Stored data:

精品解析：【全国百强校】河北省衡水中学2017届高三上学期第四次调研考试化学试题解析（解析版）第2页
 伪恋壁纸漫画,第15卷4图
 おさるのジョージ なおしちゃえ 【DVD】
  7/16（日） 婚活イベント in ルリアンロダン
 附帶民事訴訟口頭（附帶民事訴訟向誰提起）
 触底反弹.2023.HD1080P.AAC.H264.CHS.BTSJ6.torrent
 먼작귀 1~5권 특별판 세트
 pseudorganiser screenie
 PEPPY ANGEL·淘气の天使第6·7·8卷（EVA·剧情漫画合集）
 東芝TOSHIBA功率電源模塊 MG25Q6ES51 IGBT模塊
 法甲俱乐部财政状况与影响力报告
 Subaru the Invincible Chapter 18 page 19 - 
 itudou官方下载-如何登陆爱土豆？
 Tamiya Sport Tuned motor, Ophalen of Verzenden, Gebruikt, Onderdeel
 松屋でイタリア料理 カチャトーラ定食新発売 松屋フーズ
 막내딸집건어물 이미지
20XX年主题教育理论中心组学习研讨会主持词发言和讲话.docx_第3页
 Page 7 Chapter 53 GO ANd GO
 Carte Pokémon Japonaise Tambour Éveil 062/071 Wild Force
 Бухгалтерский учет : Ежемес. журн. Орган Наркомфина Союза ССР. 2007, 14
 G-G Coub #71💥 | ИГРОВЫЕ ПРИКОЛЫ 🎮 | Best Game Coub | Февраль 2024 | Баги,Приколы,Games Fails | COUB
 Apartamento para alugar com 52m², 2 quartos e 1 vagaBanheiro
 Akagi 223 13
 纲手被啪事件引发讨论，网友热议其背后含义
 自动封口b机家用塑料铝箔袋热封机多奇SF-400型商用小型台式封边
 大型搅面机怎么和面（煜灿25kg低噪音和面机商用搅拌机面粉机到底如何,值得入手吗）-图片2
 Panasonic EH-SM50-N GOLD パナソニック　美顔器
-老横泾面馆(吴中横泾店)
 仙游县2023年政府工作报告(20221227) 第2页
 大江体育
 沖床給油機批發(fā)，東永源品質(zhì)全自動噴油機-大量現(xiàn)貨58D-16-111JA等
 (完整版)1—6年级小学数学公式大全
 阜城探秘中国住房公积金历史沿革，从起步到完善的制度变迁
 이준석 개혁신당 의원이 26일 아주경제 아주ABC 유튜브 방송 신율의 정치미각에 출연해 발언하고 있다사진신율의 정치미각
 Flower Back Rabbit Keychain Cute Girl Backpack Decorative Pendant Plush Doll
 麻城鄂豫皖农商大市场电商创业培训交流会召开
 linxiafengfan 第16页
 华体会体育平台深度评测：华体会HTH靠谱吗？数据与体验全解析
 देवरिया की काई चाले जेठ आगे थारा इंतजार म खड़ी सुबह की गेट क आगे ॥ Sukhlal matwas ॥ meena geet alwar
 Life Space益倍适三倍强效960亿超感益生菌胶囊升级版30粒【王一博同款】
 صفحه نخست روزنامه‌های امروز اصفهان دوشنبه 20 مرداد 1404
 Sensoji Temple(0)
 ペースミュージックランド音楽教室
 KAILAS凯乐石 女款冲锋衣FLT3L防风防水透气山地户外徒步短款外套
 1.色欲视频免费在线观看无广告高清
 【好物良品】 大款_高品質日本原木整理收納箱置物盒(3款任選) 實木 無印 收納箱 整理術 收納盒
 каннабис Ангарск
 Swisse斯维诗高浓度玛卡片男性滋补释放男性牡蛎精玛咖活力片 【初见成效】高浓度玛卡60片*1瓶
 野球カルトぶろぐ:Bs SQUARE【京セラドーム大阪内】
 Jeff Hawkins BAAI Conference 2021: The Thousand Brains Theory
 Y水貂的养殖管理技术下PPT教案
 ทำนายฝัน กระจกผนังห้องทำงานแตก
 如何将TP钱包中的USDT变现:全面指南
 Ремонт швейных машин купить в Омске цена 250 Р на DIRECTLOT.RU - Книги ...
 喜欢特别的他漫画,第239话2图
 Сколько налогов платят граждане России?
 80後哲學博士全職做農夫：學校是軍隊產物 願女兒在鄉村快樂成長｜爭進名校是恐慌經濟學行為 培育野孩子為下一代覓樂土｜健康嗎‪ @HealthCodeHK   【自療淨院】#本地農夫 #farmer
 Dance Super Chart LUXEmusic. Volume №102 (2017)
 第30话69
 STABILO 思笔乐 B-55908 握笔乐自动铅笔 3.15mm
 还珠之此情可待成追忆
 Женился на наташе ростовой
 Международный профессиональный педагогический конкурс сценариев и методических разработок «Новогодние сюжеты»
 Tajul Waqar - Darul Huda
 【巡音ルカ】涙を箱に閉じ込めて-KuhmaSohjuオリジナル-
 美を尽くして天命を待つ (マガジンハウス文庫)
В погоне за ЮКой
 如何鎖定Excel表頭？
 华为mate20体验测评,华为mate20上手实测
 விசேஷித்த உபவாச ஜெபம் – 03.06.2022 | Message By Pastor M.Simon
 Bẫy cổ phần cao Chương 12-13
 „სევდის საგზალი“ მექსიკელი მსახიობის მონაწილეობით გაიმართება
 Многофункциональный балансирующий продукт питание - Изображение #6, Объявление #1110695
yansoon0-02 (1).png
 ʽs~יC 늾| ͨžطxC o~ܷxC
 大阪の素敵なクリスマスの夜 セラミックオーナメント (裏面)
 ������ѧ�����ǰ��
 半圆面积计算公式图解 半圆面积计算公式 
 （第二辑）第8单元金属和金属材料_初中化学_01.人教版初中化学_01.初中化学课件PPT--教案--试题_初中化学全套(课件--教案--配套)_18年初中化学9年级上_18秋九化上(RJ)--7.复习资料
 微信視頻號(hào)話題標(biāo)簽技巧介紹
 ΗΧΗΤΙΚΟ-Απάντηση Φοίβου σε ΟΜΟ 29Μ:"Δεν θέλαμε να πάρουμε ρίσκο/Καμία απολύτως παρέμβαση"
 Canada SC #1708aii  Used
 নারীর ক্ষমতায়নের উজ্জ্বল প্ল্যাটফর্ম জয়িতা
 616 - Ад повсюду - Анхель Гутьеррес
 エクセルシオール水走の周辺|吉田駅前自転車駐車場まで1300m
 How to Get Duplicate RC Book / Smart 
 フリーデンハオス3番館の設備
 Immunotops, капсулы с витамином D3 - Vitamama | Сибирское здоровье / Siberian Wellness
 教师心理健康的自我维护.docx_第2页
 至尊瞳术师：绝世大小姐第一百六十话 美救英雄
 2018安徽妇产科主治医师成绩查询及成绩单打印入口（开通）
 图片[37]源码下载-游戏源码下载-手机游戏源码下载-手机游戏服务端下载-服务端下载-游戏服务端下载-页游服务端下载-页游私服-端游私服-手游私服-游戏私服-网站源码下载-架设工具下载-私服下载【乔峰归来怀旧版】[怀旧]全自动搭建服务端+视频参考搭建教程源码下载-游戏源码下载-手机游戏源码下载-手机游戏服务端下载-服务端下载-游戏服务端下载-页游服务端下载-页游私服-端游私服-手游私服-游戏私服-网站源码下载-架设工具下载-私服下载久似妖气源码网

What you have to do:
Keeping every line exactly as it is, copy all the records.

Expected answer:
精品解析：【全国百强校】河北省衡水中学2017届高三上学期第四次调研考试化学试题解析（解析版）第2页
 伪恋壁纸漫画,第15卷4图
 おさるのジョージ なおしちゃえ 【DVD】
  7/16（日） 婚活イベント in ルリアンロダン
 附帶民事訴訟口頭（附帶民事訴訟向誰提起）
 触底反弹.2023.HD1080P.AAC.H264.CHS.BTSJ6.torrent
 먼작귀 1~5권 특별판 세트
 pseudorganiser screenie
 PEPPY ANGEL·淘气の天使第6·7·8卷（EVA·剧情漫画合集）
 東芝TOSHIBA功率電源模塊 MG25Q6ES51 IGBT模塊
 法甲俱乐部财政状况与影响力报告
 Subaru the Invincible Chapter 18 page 19 - 
 itudou官方下载-如何登陆爱土豆？
 Tamiya Sport Tuned motor, Ophalen of Verzenden, Gebruikt, Onderdeel
 松屋でイタリア料理 カチャトーラ定食新発売 松屋フーズ
 막내딸집건어물 이미지
20XX年主题教育理论中心组学习研讨会主持词发言和讲话.docx_第3页
 Page 7 Chapter 53 GO ANd GO
 Carte Pokémon Japonaise Tambour Éveil 062/071 Wild Force
 Бухгалтерский учет : Ежемес. журн. Орган Наркомфина Союза ССР. 2007, 14
 G-G Coub #71💥 | ИГРОВЫЕ ПРИКОЛЫ 🎮 | Best Game Coub | Февраль 2024 | Баги,Приколы,Games Fails | COUB
 Apartamento para alugar com 52m², 2 quartos e 1 vagaBanheiro
 Akagi 223 13
 纲手被啪事件引发讨论，网友热议其背后含义
 自动封口b机家用塑料铝箔袋热封机多奇SF-400型商用小型台式封边
 大型搅面机怎么和面（煜灿25kg低噪音和面机商用搅拌机面粉机到底如何,值得入手吗）-图片2
 Panasonic EH-SM50-N GOLD パナソニック　美顔器
-老横泾面馆(吴中横泾店)
 仙游县2023年政府工作报告(20221227) 第2页
 大江体育
 沖床給油機批發(fā)，東永源品質(zhì)全自動噴油機-大量現(xiàn)貨58D-16-111JA等
 (完整版)1—6年级小学数学公式大全
 阜城探秘中国住房公积金历史沿革，从起步到完善的制度变迁
 이준석 개혁신당 의원이 26일 아주경제 아주ABC 유튜브 방송 신율의 정치미각에 출연해 발언하고 있다사진신율의 정치미각
 Flower Back Rabbit Keychain Cute Girl Backpack Decorative Pendant Plush Doll
 麻城鄂豫皖农商大市场电商创业培训交流会召开
 linxiafengfan 第16页
 华体会体育平台深度评测：华体会HTH靠谱吗？数据与体验全解析
 देवरिया की काई चाले जेठ आगे थारा इंतजार म खड़ी सुबह की गेट क आगे ॥ Sukhlal matwas ॥ meena geet alwar
 Life Space益倍适三倍强效960亿超感益生菌胶囊升级版30粒【王一博同款】
 صفحه نخست روزنامه‌های امروز اصفهان دوشنبه 20 مرداد 1404
 Sensoji Temple(0)
 ペースミュージックランド音楽教室
 KAILAS凯乐石 女款冲锋衣FLT3L防风防水透气山地户外徒步短款外套
 1.色欲视频免费在线观看无广告高清
 【好物良品】 大款_高品質日本原木整理收納箱置物盒(3款任選) 實木 無印 收納箱 整理術 收納盒
 каннабис Ангарск
 Swisse斯维诗高浓度玛卡片男性滋补释放男性牡蛎精玛咖活力片 【初见成效】高浓度玛卡60片*1瓶
 野球カルトぶろぐ:Bs SQUARE【京セラドーム大阪内】
 Jeff Hawkins BAAI Conference 2021: The Thousand Brains Theory
 Y水貂的养殖管理技术下PPT教案
 ทำนายฝัน กระจกผนังห้องทำงานแตก
 如何将TP钱包中的USDT变现:全面指南
 Ремонт швейных машин купить в Омске цена 250 Р на DIRECTLOT.RU - Книги ...
 喜欢特别的他漫画,第239话2图
 Сколько налогов платят граждане России?
 80後哲學博士全職做農夫：學校是軍隊產物 願女兒在鄉村快樂成長｜爭進名校是恐慌經濟學行為 培育野孩子為下一代覓樂土｜健康嗎‪ @HealthCodeHK   【自療淨院】#本地農夫 #farmer
 Dance Super Chart LUXEmusic. Volume №102 (2017)
 第30话69
 STABILO 思笔乐 B-55908 握笔乐自动铅笔 3.15mm
 还珠之此情可待成追忆
 Женился на наташе ростовой
 Международный профессиональный педагогический конкурс сценариев и методических разработок «Новогодние сюжеты»
 Tajul Waqar - Darul Huda
 【巡音ルカ】涙を箱に閉じ込めて-KuhmaSohjuオリジナル-
 美を尽くして天命を待つ (マガジンハウス文庫)
В погоне за ЮКой
 如何鎖定Excel表頭？
 华为mate20体验测评,华为mate20上手实测
 விசேஷித்த உபவாச ஜெபம் – 03.06.2022 | Message By Pastor M.Simon
 Bẫy cổ phần cao Chương 12-13
 „სევდის საგზალი“ მექსიკელი მსახიობის მონაწილეობით გაიმართება
 Многофункциональный балансирующий продукт питание - Изображение #6, Объявление #1110695
yansoon0-02 (1).png
 ʽs~יC 늾| ͨžطxC o~ܷxC
 大阪の素敵なクリスマスの夜 セラミックオーナメント (裏面)
 ������ѧ�����ǰ��
 半圆面积计算公式图解 半圆面积计算公式 
 （第二辑）第8单元金属和金属材料_初中化学_01.人教版初中化学_01.初中化学课件PPT--教案--试题_初中化学全套(课件--教案--配套)_18年初中化学9年级上_18秋九化上(RJ)--7.复习资料
 微信視頻號(hào)話題標(biāo)簽技巧介紹
 ΗΧΗΤΙΚΟ-Απάντηση Φοίβου σε ΟΜΟ 29Μ:"Δεν θέλαμε να πάρουμε ρίσκο/Καμία απολύτως παρέμβαση"
 Canada SC #1708aii  Used
 নারীর ক্ষমতায়নের উজ্জ্বল প্ল্যাটফর্ম জয়িতা
 616 - Ад повсюду - Анхель Гутьеррес
 エクセルシオール水走の周辺|吉田駅前自転車駐車場まで1300m
 How to Get Duplicate RC Book / Smart 
 フリーデンハオス3番館の設備
 Immunotops, капсулы с витамином D3 - Vitamama | Сибирское здоровье / Siberian Wellness
 教师心理健康的自我维护.docx_第2页
 至尊瞳术师：绝世大小姐第一百六十话 美救英雄
 2018安徽妇产科主治医师成绩查询及成绩单打印入口（开通）
 图片[37]源码下载-游戏源码下载-手机游戏源码下载-手机游戏服务端下载-服务端下载-游戏服务端下载-页游服务端下载-页游私服-端游私服-手游私服-游戏私服-网站源码下载-架设工具下载-私服下载【乔峰归来怀旧版】[怀旧]全自动搭建服务端+视频参考搭建教程源码下载-游戏源码下载-手机游戏源码下载-手机游戏服务端下载-服务端下载-游戏服务端下载-页游服务端下载-页游私服-端游私服-手游私服-游戏私服-网站源码下载-架设工具下载-私服下载久似妖气源码网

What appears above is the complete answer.